Dessa maneira, o placar parcial é de três votos a favor e quatro contra o entendimento de que o Supremo tem a decisão final.


O ministro revisor do mensalão, Ricardo Lewandowsaki, foi acompanhado pelos ministros Rosa Weber, Dias Toffoli e Cármen Lúcia na defesa de que a decisão final sobre a cassação dos mandatos seja da Câmara dos Deputados, tese dominante até o momento.

Durante a leitura de seu voto, Gilmar Mendes alegou que não faz sentido manter um parlamentar condenado no cargo.
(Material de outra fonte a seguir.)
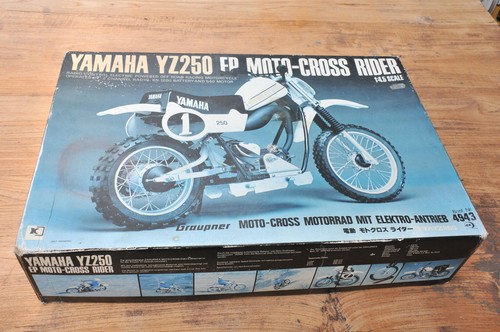 Graupner kyosho yamaha yz250 - yamaha,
Para ele, a cassação deve ser automática até para não haver divergência com outras leis.


— Vejo uma incongruência gerada pela Lei da Ficha Limpa, que impede quem teve uma sentença condenatória possa ser candidato. Mas, condenado com trânsito em julgado no Supremo preserva o mandato? Estamos num cenário que pede reflexões.

A decisão do Supremo vai definir o futuro político dos deputados Valdemar Costa Neto (PR-SP), Pedro Henry (PP-MT) e João Paulo Cunha (PT-SP). Os três estão em exercício de cargo parlamentar e foram condenados no mensalão.

Ainda são necessários os votos dos ministros Marco Aurélio e Celso de Mello.